Andy Kelly: Ice cold

I'm happy former Valve writer Marc Laidlaw managed to get the story for Episode 3 out there in some form. It's a kind of closure, I guess, for the end of Episode 2, which was as maddening a cliffhanger as the end of season 2 of Twin Peaks. Almost. And it sounds like it would have made for a pretty awesome, very different Episode 3 if it had been made.

But mostly I'm just sad that I'll never get to play the thing. I want to see Gordon battling the Combine in Antarctica. I want to hang out with Alyx again and toss things about with the Gravity Gun. But the fact this was released implies it's a story Valve will never tell. A lot of people are past caring about Half-Life now, but I haven't, damn it. Fingers crossed we'll get another adventure starring the silent crowbar nerd one day.

Samuel Roberts: Hardware showcase

Final Fantasy XV sure looks nice running with a GTX 1080Ti, a graphics card that's about £150-£200 more than I'm likely to spend on one. The reveal of the game's PC version was great news, but when these announcements happen and they focus on details like hair and turf physics, it doesn't do much for me. The question I always want answered is, how will it run on a mid-range PC from the last two or three years with all of those settings switched off? That's likely how most people will be playing the game.

Hey, it's nice all those settings exist, and clearly they're trying to sell the potential of the graphics card, but I'd wager people care more about optimisation.

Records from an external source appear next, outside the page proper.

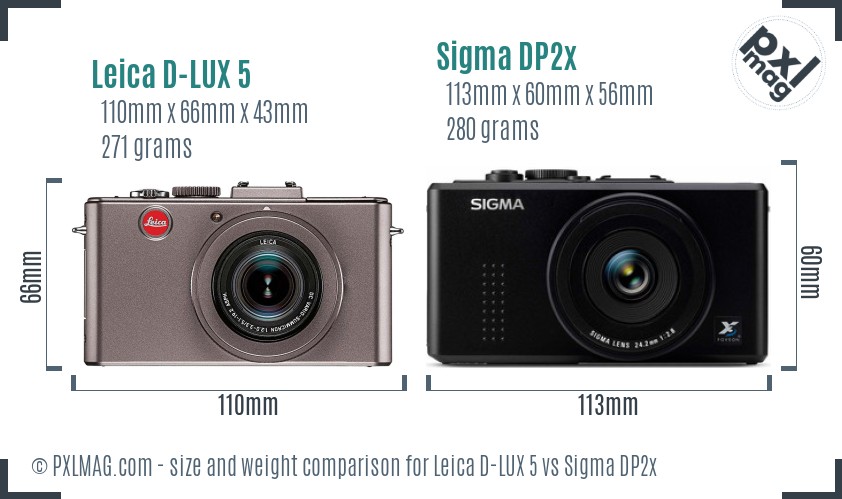 Leica D-LUX 5 vs Sigma DP2x size comparison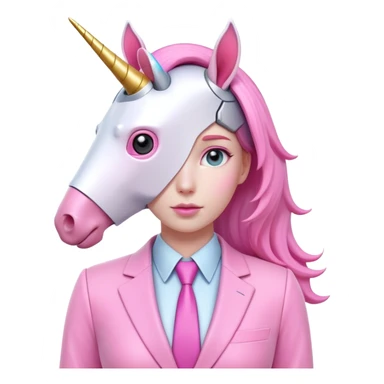 office worker 3d robotic unicorn in all pink suit sticker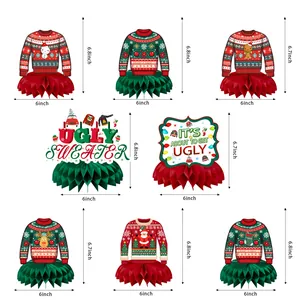 Lot de 8 centres de table en nid d'abeille pull de Noël pour décorations festives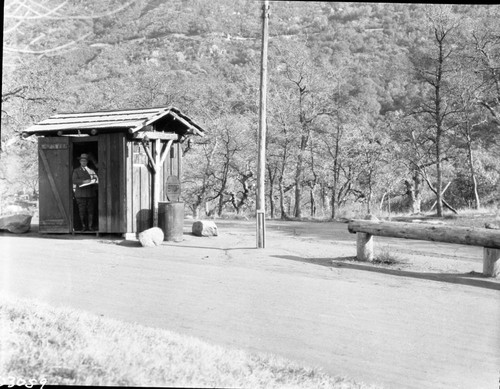 Buildings and Utilities, old checking station. Ranger Frank Dorr, checking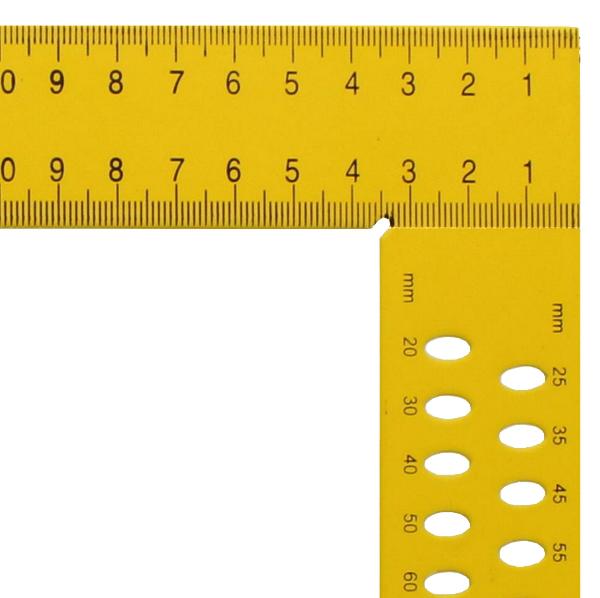 Esquadro de carpinteiro hedue ZY 800 mm com escala mm tipo B e Furos de perfuração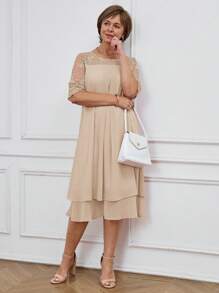 Miaspire 女士优雅层叠蕾丝拼布连衣裙 - 卡其色 - 查看 5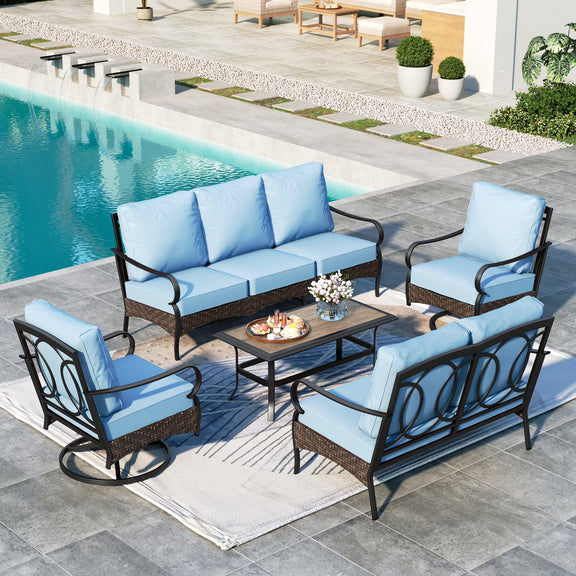 7-Seat Outdoor Patio Furniture Set, Outdoor Patio Conversation Set with Swivel Chairs for 7 People, Wood-Look Coffee Table, Blue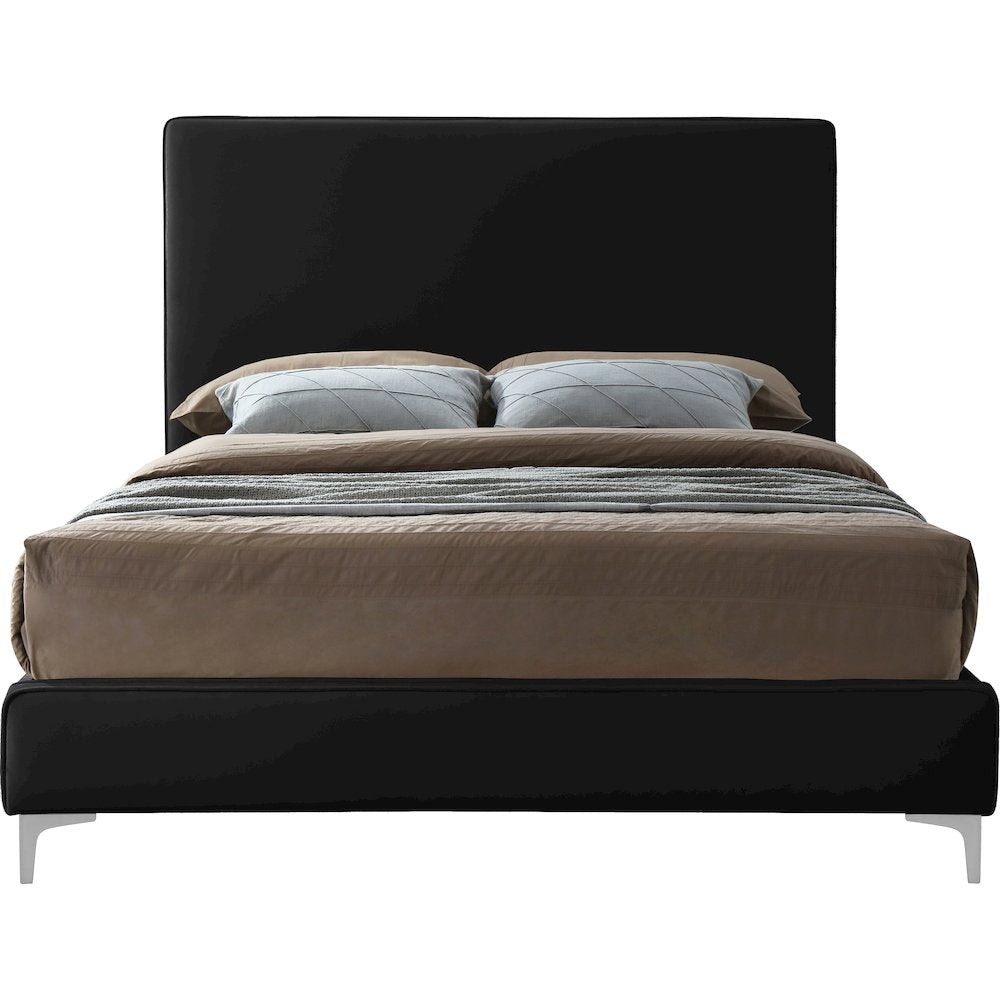 Geri Black Velvet Queen Bed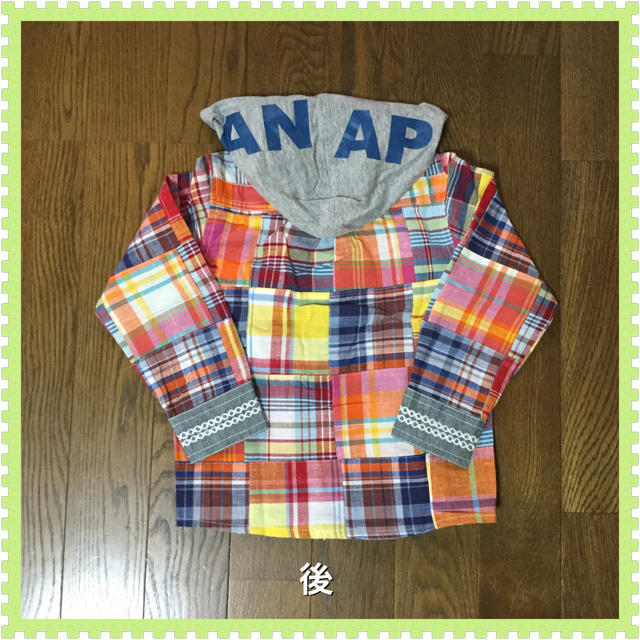 ANAP Kids(アナップキッズ)の新品☆ANAPフード付きチェックシャツ☆90cm キッズ/ベビー/マタニティのキッズ服女の子用(90cm~)(ブラウス)の商品写真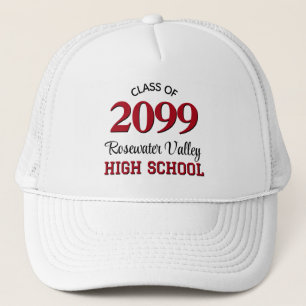 Casquette Classe de l'année Couleurs de l'école Rouge Noir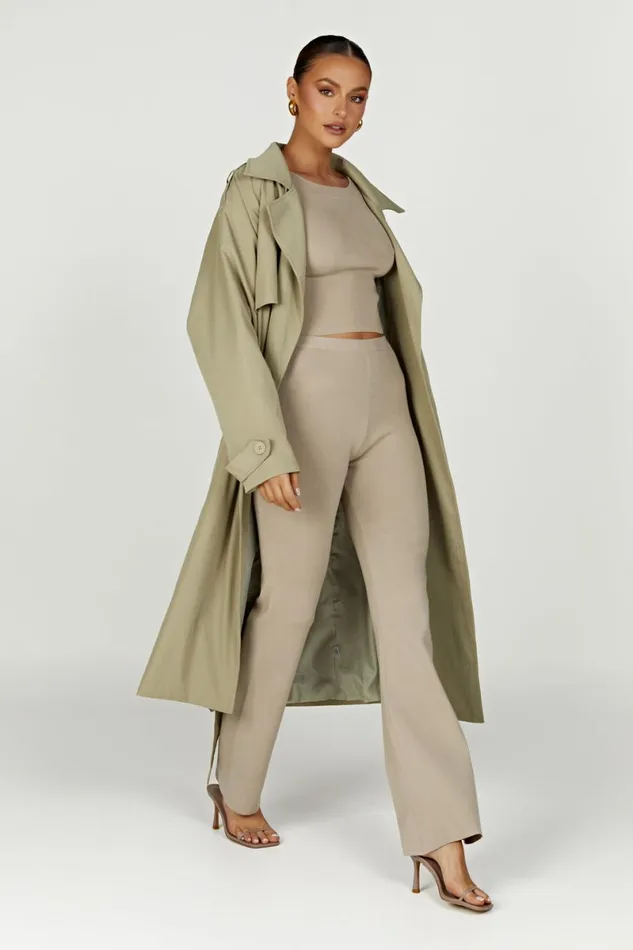 Meshki Coats and Jackets Andreas Oversized Trench Coat 8211 Olive Olive 8211 Women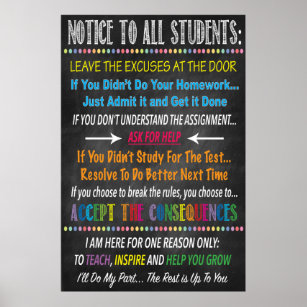 Notice To All Students Classroom Teacher Poster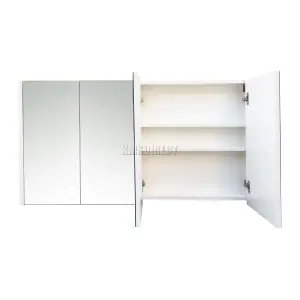 WestWood Wall Mount Mirror Bathroom Cabinet Unit Storage Cupboard White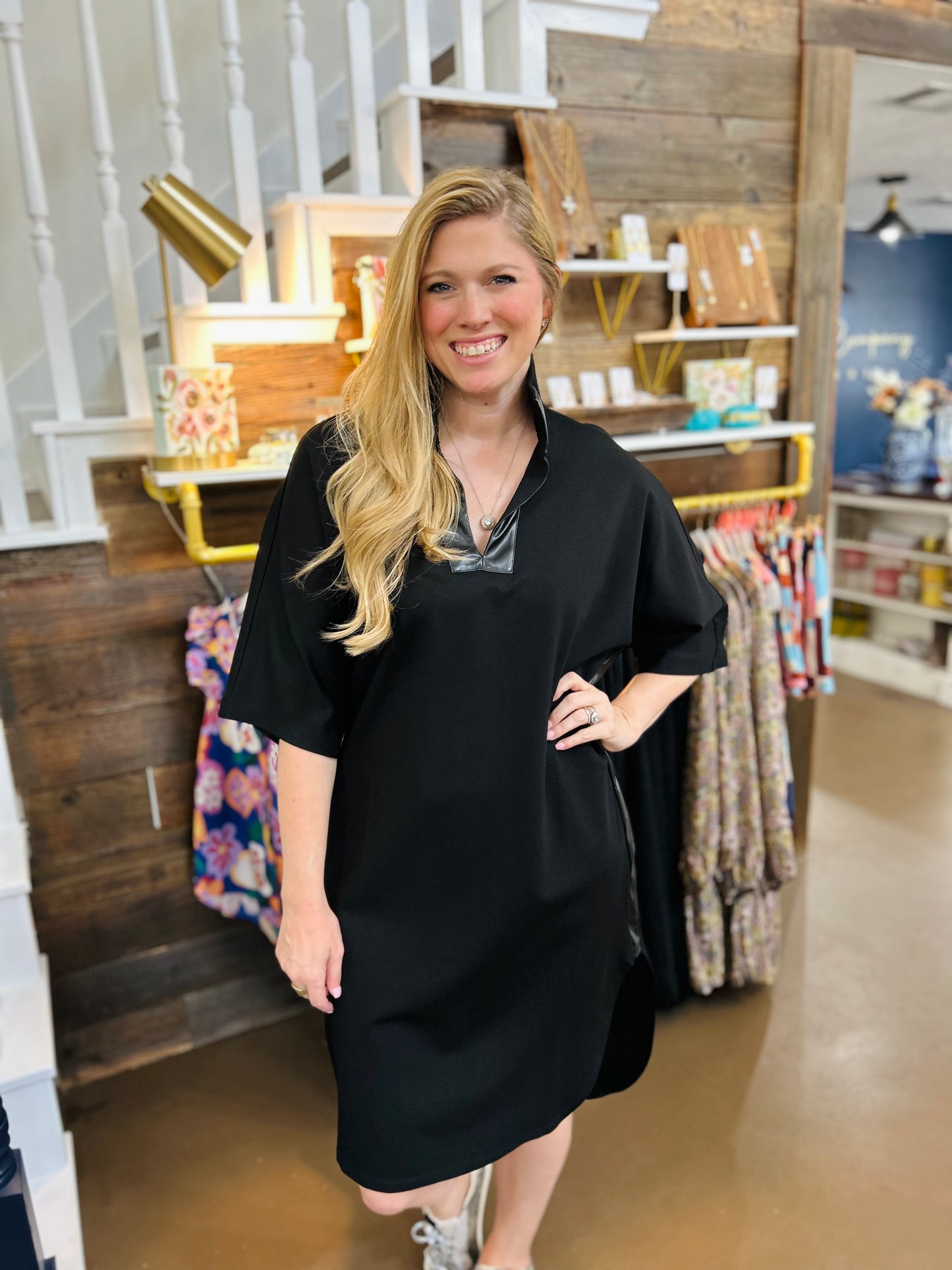 Black Contrast Midi Dress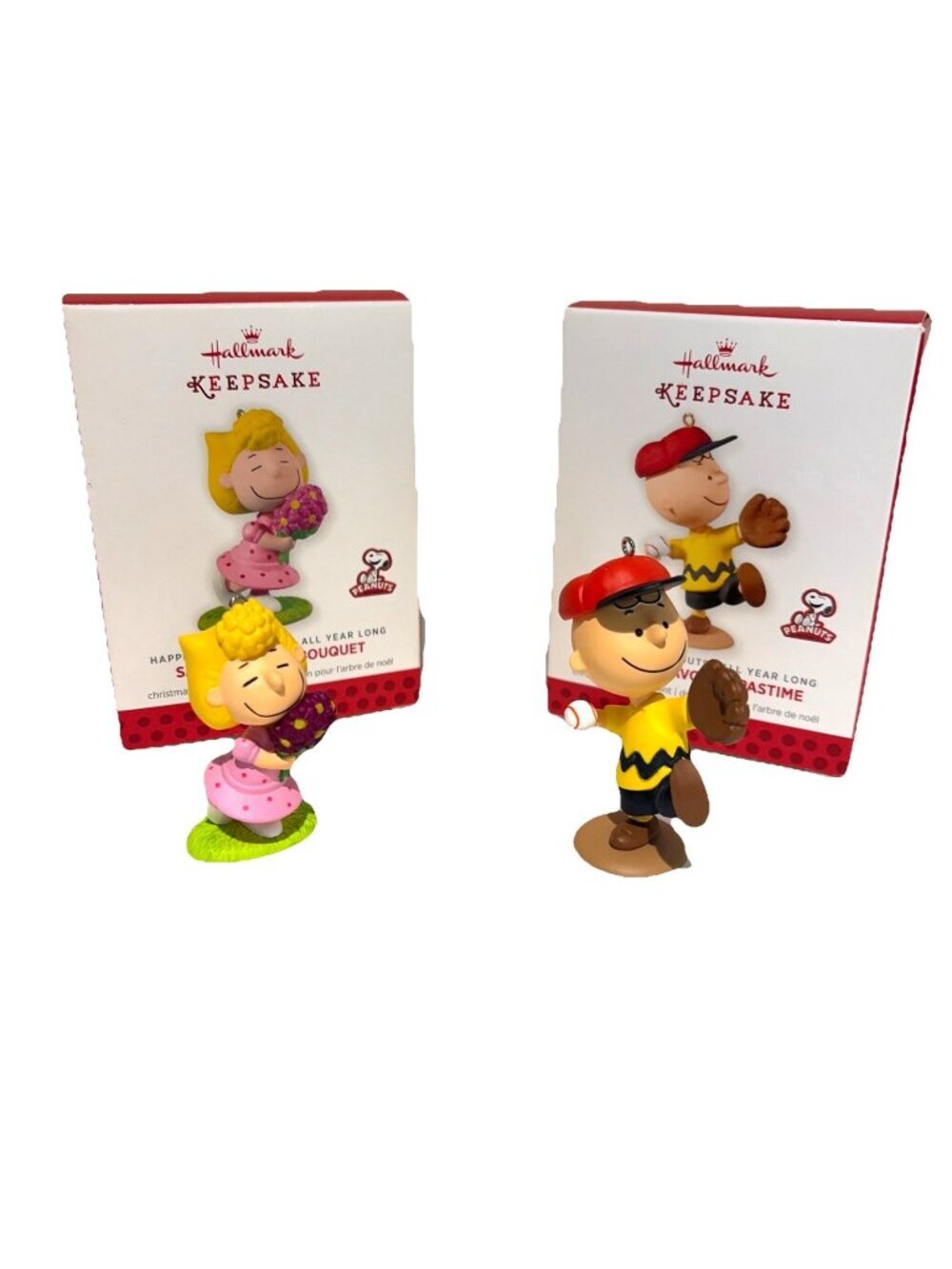 Peanuts Gang Hallmark Ornaments Sally's Spring Bouquet Charlies Favorite Pastime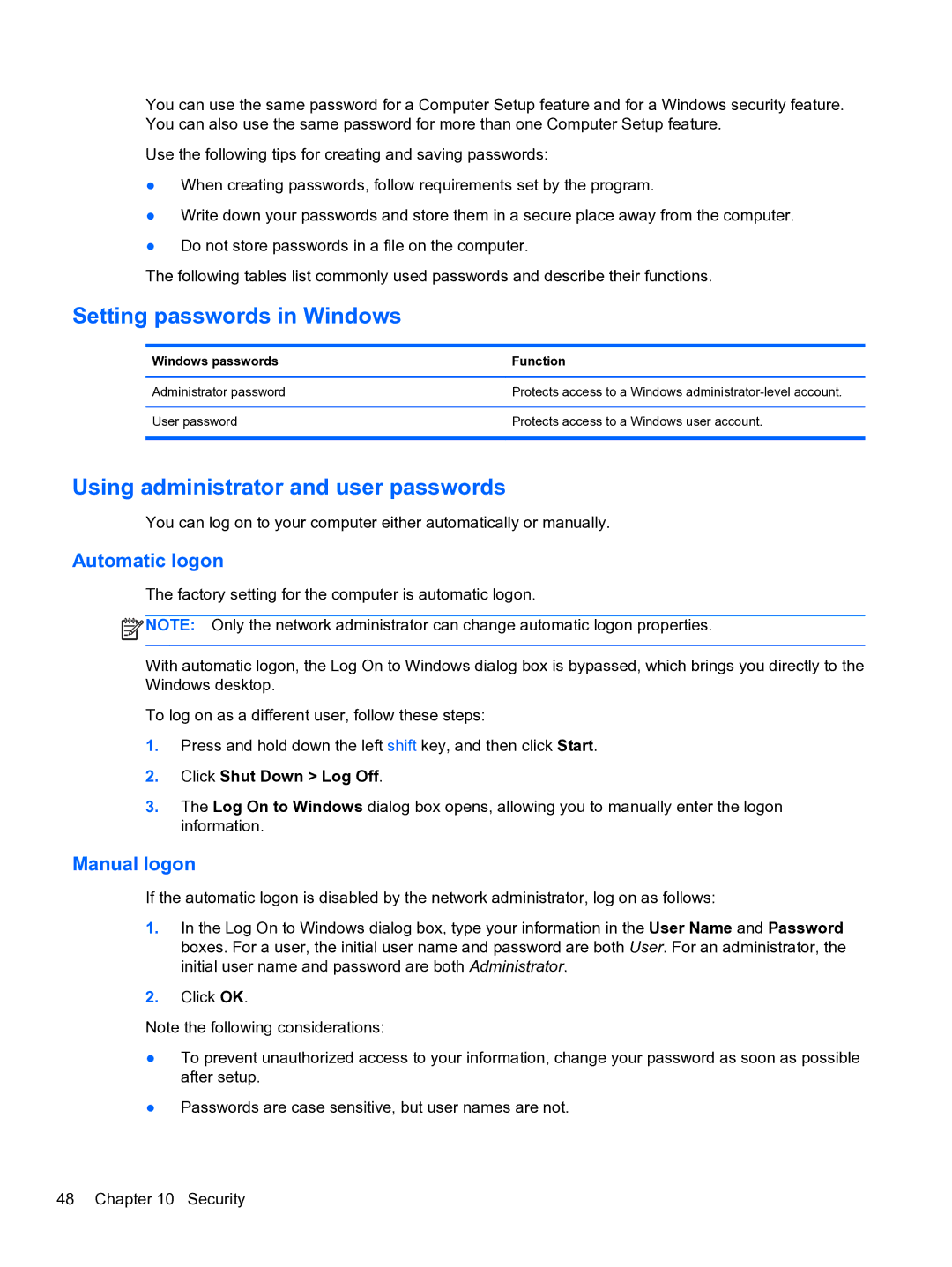 HP 4320t Mobile manual Setting passwords in Windows, Using administrator and user passwords, Automatic logon, Manual logon 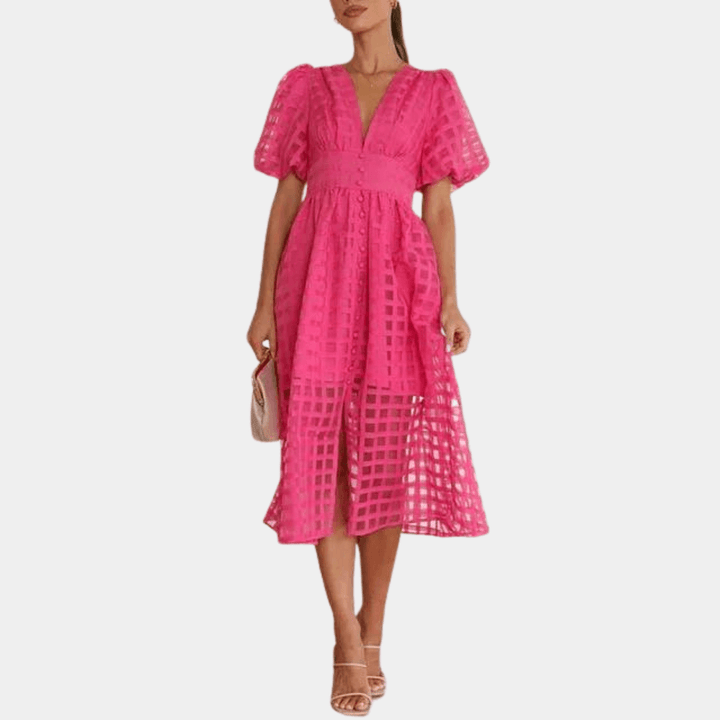 Women's Checkered Midi Dress: Puff Sleeves & Deep V-Neck
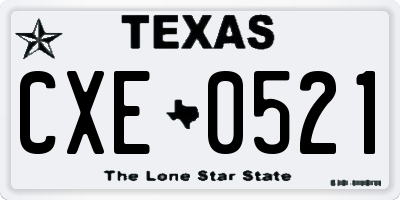 TX license plate CXE0521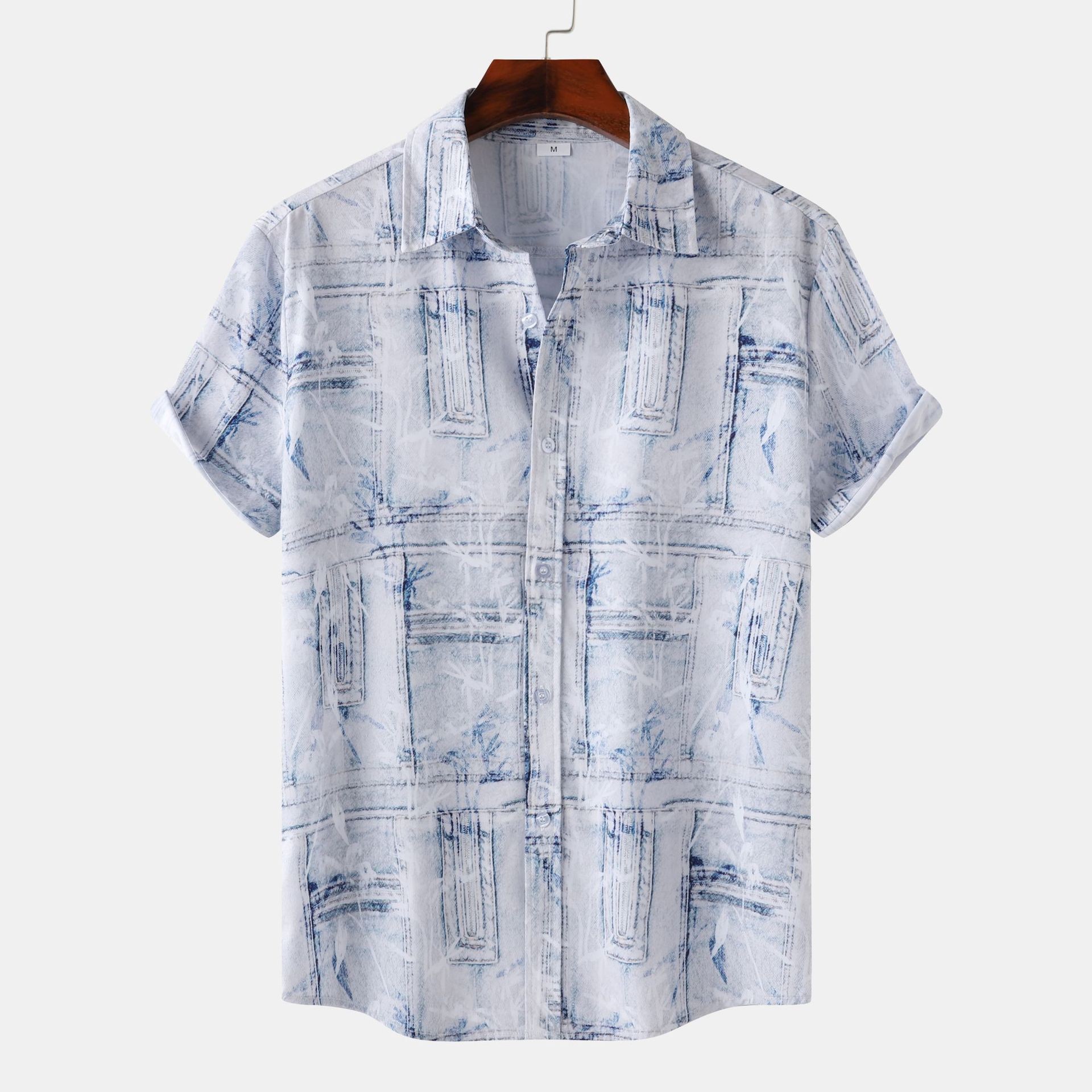 Men's casual and fashionable Hawaiian beach vacation printed short sleeved shirt PLUSCLOTHESMAN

Luckily, when we finally asked director Hajime Tabata about that late this week, he gave us a reassuring answer.  

Tom Senior: Deja vu

Do you ever have the thing in a show where you associate one of the actors with a character so strongly that it breaks the fiction? I experienced a powerful case this week watching the Destiny 2 European Dead Zone videos. Tim wrote about the new activities Bungie is adding to fill out the new zones and improve patrol exploration—the weakest aspect of Destiny 1. I’m on board, the new stuff sounds like low-fat co-op fare that a fireteam can dip into between bouts of PvP in the crucible.

But who is that charming resistance dude giving you all the missions in the EDZ? I’m convinced it’s Gideon Emery, aka Balthier from Final Fantasy XII, though it has been pointed it out that it could be Adam Croasdell, the voice of Ignis in Final Fantasy XV. Either way, there is a big honking Final Fantasy man in the middle of my glorious shooty space opera. The guy looks like he’s just slopped out of the giant test tube that generates endless parades of scruffy NPCs with dodgy beards, but when he speaks I can’t help but picture him in an ornate waistcoat with a musket. I know I’m going to play Destiny 2 for hundreds of hours, but I am not sure I will ever get used to that audiovisual dissonance. Final Fantasy seems to be infiltrating a lot of games at the moment, there’s even a very strange Assassin’s Creed crossover in the works.

James Davenport: Overit

Overwatch shorts still can’t make me feel. From a technical standpoint, I like Mei’s new Overwatch short, but every cute or sad or funny little film released so far overreaches with sentiment. What I’m saying is this: where is Reaper’s? And when it arrives, don’t give me a tragic backstory, please. I just want to see a moment in his life. 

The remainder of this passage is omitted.